YOUR OBJECTIVE
Your answer should be an exact copy of the lines from the start of the entries to the line containing "Furnished room in a flatshare", both included.

(Crawled caption data)

########################################

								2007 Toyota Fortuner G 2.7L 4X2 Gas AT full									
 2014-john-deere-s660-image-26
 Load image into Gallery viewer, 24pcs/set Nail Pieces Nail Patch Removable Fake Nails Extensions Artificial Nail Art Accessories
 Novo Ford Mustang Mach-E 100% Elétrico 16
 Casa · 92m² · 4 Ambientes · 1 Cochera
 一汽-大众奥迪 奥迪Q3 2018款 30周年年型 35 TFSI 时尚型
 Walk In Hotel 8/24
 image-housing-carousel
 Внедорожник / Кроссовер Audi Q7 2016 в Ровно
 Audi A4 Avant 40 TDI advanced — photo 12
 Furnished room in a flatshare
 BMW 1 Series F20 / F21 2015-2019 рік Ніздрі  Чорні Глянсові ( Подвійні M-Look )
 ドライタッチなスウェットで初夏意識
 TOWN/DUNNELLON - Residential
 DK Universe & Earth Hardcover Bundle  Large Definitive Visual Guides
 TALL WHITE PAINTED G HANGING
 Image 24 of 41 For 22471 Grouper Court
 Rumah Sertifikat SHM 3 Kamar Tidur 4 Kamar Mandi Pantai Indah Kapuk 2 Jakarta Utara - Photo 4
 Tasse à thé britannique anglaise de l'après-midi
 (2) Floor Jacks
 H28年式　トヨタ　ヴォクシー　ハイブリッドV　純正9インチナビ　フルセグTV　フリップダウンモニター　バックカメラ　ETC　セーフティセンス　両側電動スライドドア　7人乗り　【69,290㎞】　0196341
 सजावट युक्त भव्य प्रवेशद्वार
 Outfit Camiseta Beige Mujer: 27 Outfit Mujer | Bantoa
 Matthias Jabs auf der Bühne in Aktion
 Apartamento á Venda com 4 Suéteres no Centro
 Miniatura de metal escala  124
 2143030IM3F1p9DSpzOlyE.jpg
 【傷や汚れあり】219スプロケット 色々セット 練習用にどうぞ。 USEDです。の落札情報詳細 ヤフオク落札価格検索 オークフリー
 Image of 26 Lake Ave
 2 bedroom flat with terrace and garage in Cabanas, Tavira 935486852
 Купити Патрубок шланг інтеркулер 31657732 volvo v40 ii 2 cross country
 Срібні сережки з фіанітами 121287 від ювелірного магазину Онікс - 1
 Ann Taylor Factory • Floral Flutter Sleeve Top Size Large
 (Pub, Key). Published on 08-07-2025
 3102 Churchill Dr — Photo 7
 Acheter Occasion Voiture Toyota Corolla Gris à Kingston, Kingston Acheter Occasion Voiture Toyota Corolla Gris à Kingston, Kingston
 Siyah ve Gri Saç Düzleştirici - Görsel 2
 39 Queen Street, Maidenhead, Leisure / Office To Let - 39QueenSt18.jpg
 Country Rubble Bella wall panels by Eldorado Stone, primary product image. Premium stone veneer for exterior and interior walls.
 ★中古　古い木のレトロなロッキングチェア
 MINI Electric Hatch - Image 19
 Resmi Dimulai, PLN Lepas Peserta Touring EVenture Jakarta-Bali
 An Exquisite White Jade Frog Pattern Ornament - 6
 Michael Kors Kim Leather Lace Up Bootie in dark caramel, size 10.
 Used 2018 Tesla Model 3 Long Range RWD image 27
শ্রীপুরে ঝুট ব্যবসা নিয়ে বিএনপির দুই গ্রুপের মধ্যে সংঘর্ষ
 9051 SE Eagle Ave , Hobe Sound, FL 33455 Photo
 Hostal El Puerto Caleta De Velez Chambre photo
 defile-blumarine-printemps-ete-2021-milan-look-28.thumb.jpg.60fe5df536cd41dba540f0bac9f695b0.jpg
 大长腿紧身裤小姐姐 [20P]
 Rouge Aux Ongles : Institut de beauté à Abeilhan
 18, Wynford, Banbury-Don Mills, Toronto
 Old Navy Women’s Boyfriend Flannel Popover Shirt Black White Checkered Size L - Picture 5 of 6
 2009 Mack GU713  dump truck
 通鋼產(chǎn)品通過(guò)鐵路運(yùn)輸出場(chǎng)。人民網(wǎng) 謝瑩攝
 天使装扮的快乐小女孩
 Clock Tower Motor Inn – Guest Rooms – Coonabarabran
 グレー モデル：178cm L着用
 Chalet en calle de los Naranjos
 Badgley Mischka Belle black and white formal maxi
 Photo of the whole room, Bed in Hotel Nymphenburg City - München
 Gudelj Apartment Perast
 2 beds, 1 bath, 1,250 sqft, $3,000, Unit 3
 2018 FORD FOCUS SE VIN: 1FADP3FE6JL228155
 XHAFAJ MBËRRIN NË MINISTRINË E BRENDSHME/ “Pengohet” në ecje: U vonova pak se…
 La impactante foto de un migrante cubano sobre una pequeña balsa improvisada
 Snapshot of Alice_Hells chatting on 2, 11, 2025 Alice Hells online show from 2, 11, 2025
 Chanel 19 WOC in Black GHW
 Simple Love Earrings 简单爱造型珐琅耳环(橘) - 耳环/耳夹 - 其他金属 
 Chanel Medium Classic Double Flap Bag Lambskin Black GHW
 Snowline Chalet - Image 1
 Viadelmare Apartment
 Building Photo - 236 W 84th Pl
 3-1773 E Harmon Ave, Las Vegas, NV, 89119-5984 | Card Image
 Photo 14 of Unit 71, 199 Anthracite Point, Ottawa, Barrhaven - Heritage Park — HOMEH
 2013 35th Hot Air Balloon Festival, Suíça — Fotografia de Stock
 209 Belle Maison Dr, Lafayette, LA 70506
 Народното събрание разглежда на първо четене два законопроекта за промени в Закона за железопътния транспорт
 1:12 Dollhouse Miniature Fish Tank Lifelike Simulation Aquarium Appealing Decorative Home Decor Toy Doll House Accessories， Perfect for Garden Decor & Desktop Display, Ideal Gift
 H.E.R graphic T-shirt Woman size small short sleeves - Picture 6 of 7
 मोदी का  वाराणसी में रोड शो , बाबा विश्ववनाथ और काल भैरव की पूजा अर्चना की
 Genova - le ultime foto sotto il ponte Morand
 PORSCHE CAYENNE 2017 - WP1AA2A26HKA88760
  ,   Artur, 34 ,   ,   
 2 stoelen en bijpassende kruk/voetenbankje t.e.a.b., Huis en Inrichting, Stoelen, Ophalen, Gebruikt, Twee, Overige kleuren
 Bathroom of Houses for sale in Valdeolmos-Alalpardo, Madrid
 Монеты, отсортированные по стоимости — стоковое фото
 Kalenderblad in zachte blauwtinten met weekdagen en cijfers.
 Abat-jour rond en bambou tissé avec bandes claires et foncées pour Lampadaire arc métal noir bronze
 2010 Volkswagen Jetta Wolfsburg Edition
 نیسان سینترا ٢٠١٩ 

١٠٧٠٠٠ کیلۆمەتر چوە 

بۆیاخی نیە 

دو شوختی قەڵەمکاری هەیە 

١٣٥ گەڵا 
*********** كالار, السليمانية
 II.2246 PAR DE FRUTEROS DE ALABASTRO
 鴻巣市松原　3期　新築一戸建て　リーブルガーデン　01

########################################

TASK SOLUTION
								2007 Toyota Fortuner G 2.7L 4X2 Gas AT full									
 2014-john-deere-s660-image-26
 Load image into Gallery viewer, 24pcs/set Nail Pieces Nail Patch Removable Fake Nails Extensions Artificial Nail Art Accessories
 Novo Ford Mustang Mach-E 100% Elétrico 16
 Casa · 92m² · 4 Ambientes · 1 Cochera
 一汽-大众奥迪 奥迪Q3 2018款 30周年年型 35 TFSI 时尚型
 Walk In Hotel 8/24
 image-housing-carousel
 Внедорожник / Кроссовер Audi Q7 2016 в Ровно
 Audi A4 Avant 40 TDI advanced — photo 12
 Furnished room in a flatshare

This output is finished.